Tugas Berat Jokowi Meredakan Perlawanan Pendukungnya
jpnn.com - Joko Widodo-Jusuf Kalla sebaiknya menghargai apa yang sudah menjadi keputusan pemerintahan Susilo Bambang Yudhoyono tidak menaikakan harga bahan bakar minyak (BBM) bersubsidi.
"Kalau misalnya Pak SBY tidak mau menaikkan itu, ya sudah itu menjadi kewenangan Beliau. Tidak usah diganggu," ujar ilmuwan politik, Muhammad AS Hikam, kepada Rakyat Merdeka Online, Sabtu (30/8).

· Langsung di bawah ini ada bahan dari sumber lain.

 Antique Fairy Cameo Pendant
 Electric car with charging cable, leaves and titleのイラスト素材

Jokowi-JK sendiri sudah menegaskan akan mengambil kebijakan menaikkan harga BBM bersubsidi. Kebijakan itu bahkan sudah didukung terang-terangan oleh Ketua Umum PDIP, Megawati Soekarnoputri. Yang jadi masalah adalah timbulnya perpecahan pendapat di internal pendukungnya mengenai rencana kebijakan yang tidak populer itu.
Hikam memberikan saran kepada Jokowi. Yang harus dilakukannya adalah menyiapkan kondisi hingga ketika "pil pahit" itu harus "ditelan" tidak ada lagi riak-riak perdebatan di internal barisan pendukungnya sendiri.

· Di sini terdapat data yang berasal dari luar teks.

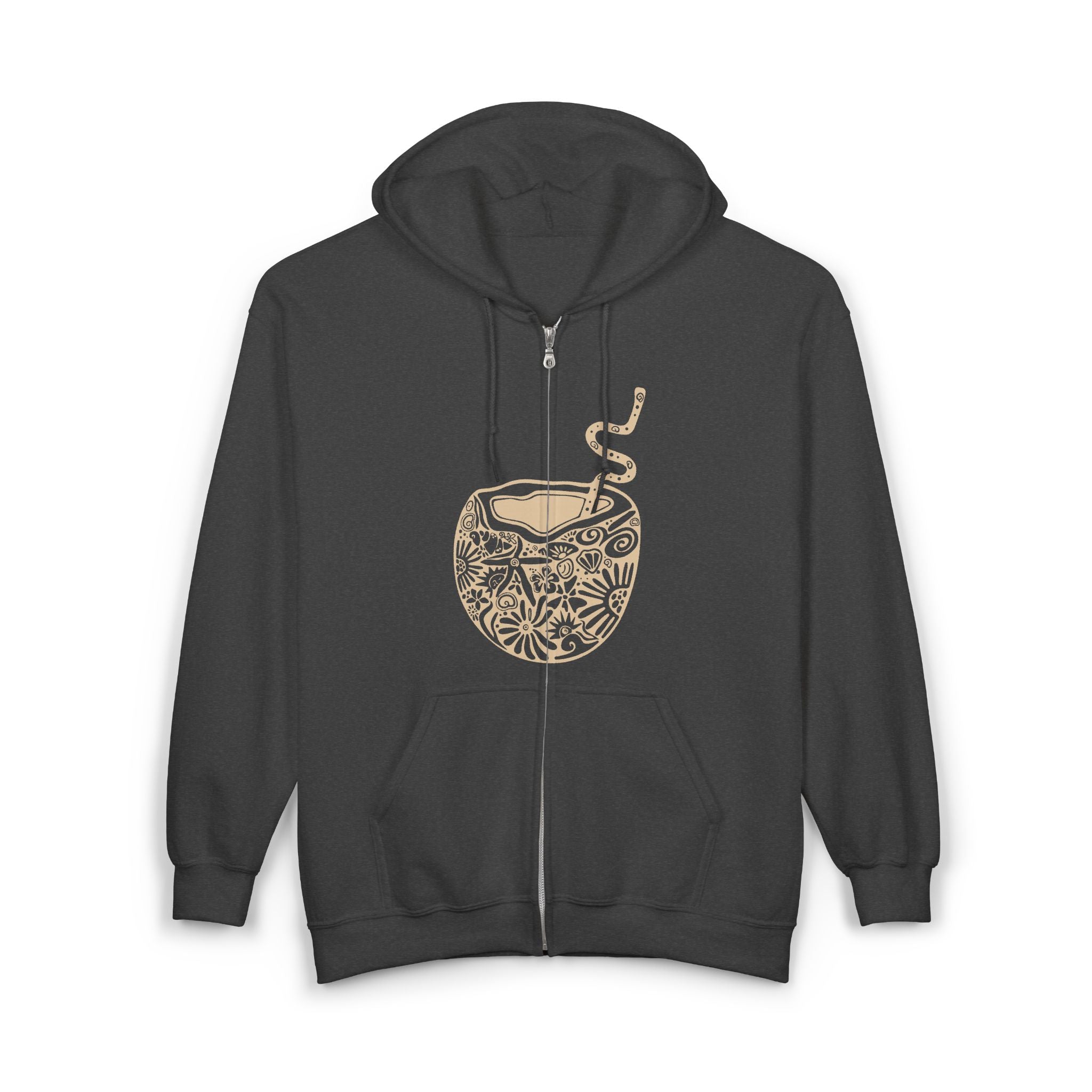 Tropical Cocktail Zip Hoodie - Perfect for Beach Days, Summer Parties, Relaxation, Gift for Friends, Vacation Wear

"Kalau saya jadi penasihat mereka, saya akan sarankan Jokowi menyiapkan bagaimana situasi kondusif ketika presiden dan wapres terpilih dilantik. Sambil menyiapkan itu, ia menyatukan pandangan di dalam pendukungnya sendiri, di internal PDIP dan koalisi," kata Hikam.
Dia sarankan, para elite politik pendukung Jokowi-JK sebaiknya berusaha agar adu wacana di internal mereka tidak sampai ramai di media massa.
"Yang begini-begini tak usah terlalu banyak diomongkan di media massa. Sistem komunikasinya harus satu pandangan dulu. Saya tidak salahkan media yang tugasnya mencari informasi, tapi tugas incoming president adalah menata dulu barisannya agar satu pandangan," terangnya.
Di satu sisi Hikam mengapresiasi para kader PDIP yang sejak dulu konsisten menolak kenaikan harga BBM bersubsidi seperti Rieke Diah Pitaloka atau Maruarar Sirait (Ara). Namun, ia menyarankan kepada mereka agar memahami sistem hirarki kepartaian ketika keputusan sudah diambil.